1983: Bloco Central – de novo de braço dado à direita, com o FMI e os olhos postos na Presidência

Um ano depois, Mário Soares volta à chefia do governo, desta vez com o PSD e, mais uma vez, virando as costas ao PCP e ao MDP/CDE. É como primeiro-ministro do «Bloco Central» que Soares volta a chamar o FMI e prepara a entrada de Portugal na Comunidade Económica Europeia (CEE, hoje União Europeia), cujo processo de adesão teve início em 1977, durante a sua primeira passagem pela liderança do executivo. Em Junho de 1985, menos de meio ano antes de abandonar o cargo, Mário Soares assina o tratado de adesão à CEE, cumprindo um dos objectivos que desde 1976 definira enquanto elemento associado ao processo de restauração monopolista e de dependência e submissão externa.

O fim do governo do «Bloco Central» chega em vésperas das eleições presidenciais de 1986, para as quais Mário Soares foi preparando uma candidatura, em confronto com o seu camarada de partido, Francisco Salgado Zenha, que viria a ser apoiado pelo PCP e pelo recém-criado PRD, do ainda presidente Ramalho Eanes.
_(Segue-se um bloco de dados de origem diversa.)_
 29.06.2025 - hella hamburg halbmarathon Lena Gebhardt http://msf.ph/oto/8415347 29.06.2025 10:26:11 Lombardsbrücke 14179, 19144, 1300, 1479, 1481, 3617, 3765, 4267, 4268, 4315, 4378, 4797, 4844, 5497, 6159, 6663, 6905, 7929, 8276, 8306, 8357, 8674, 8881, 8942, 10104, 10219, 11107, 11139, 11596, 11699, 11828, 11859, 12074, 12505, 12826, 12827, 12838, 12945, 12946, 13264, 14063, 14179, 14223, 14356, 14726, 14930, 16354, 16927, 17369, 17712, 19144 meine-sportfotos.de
Na primeira volta, acaba por conseguir o segundo lugar, atrás de Freitas do Amaral – fundador e líder do CDS apoiado pelo PSD. Na segunda volta, acaba por ser eleito com uma curta margem, com os votos decisivos dos comunistas, perante a ameaça da candidatura de Freitas do Amaral, que federava os sectores mais reaccionários e revanchistas do País.
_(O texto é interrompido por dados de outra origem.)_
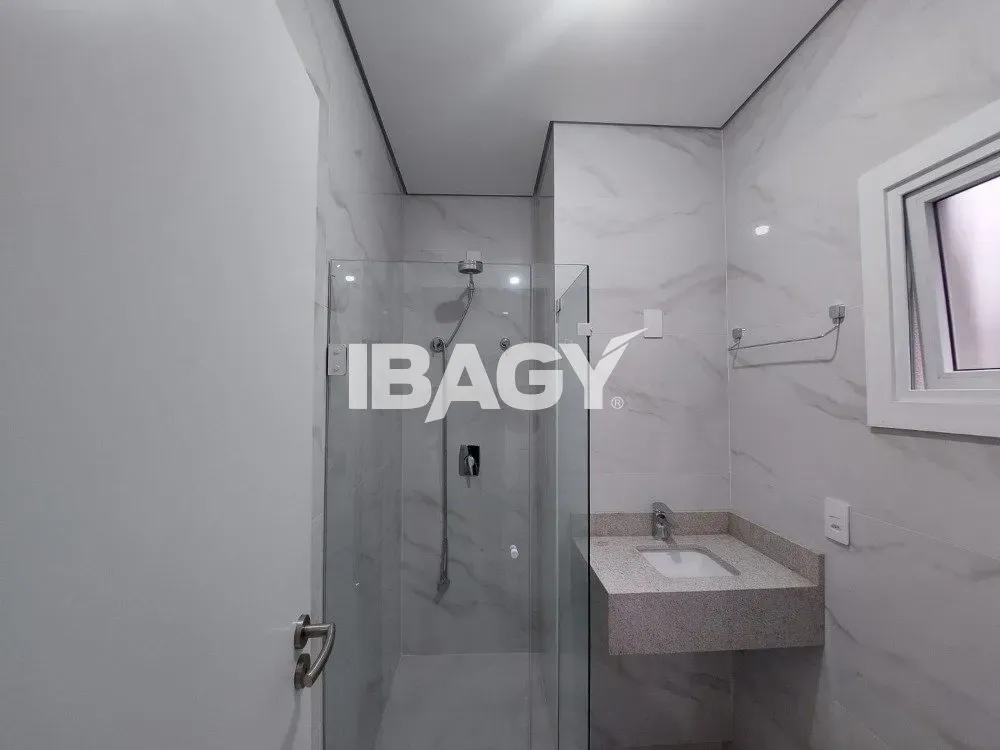 Furnished 133 m² apartment with 3 en-suite bedrooms — photo 43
1986: Soares & Cavaco, a dupla privatizadora

Os dez anos presidenciais de Soares viriam a ser partilhados com outra figura marcante das últimas quatro décadas: Cavaco Silva, que foi primeiro-ministro entre 1985 e 1995. Foi a década das privatizações e da revisão constitucional de 1989, cujo principal alvo foi a democracia económica, com um forte papel do Estado, instituída em 1976.

Mário Soares viria a ser uma figura central na reconfiguração do tecido económico português, facilitando o regresso dos principais grupos económicos monopolistas que sustentaram o regime fascista. Foi com o seu contributo valioso, como o próprio viria a contar, que os Espírito Santo recuperaram a gestão do banco nacionalizado em 1975: intercedeu, inclusive, junto do presidente francês, François Mitterrand, para que o banco francês Crédit Agricole financiasse esse regresso.
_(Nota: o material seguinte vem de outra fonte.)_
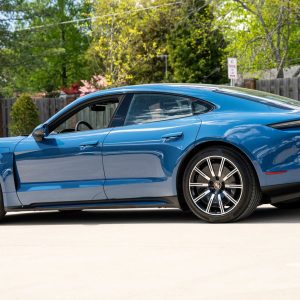 ef5e8a5c4f824c48b8d039304d977fba 2021 Porsche Taycan 4S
Mas a verdade é que Soares foi determinante para a década cavaquista: quando o primeiro governo, minoritário, de Cavaco cai na Assembleia da República (1987), recusa uma solução alternativa, com uma relação de forças parlamentar onde PS, PRD (de Eanes), PCP e MDP/CDE tinham a maioria dos lugares, com o PSD e o CDS em minoria.

O Presidente dissolveu a Assembleia da República, avançando para legislativas que deram a primeira maioria absoluta a um só partido, ao PSD de Cavaco Silva, que viria a responder ao favor de Soares apoiando-o nas presidenciais de 1991.

1996: a irresistível sedução pelo poder

Sai da Presidência em 1996, revelando a vontade de se dedicar à escrita e à família. Mas o futuro ainda reservava mais dois confrontos políticos em que viria a ser derrotado.

Em 1999, é eleito deputado ao Parlamento Europeu, tentando chegar à sua presidência. Falha a corrida para a francesa Nicole Fontaine, de quem disse ter «um discurso de dona de casa».

Em 2005, apresenta uma terceira candidatura a Presidente da República, com o apoio do seu partido, mas viria a perder para Cavaco Silva.

Desde então, a sua actividade política foi preenchida com a publicação de textos de opinião, intervenções políticas diversas e a participação no Conselho de Estado, de que era membro por inerência.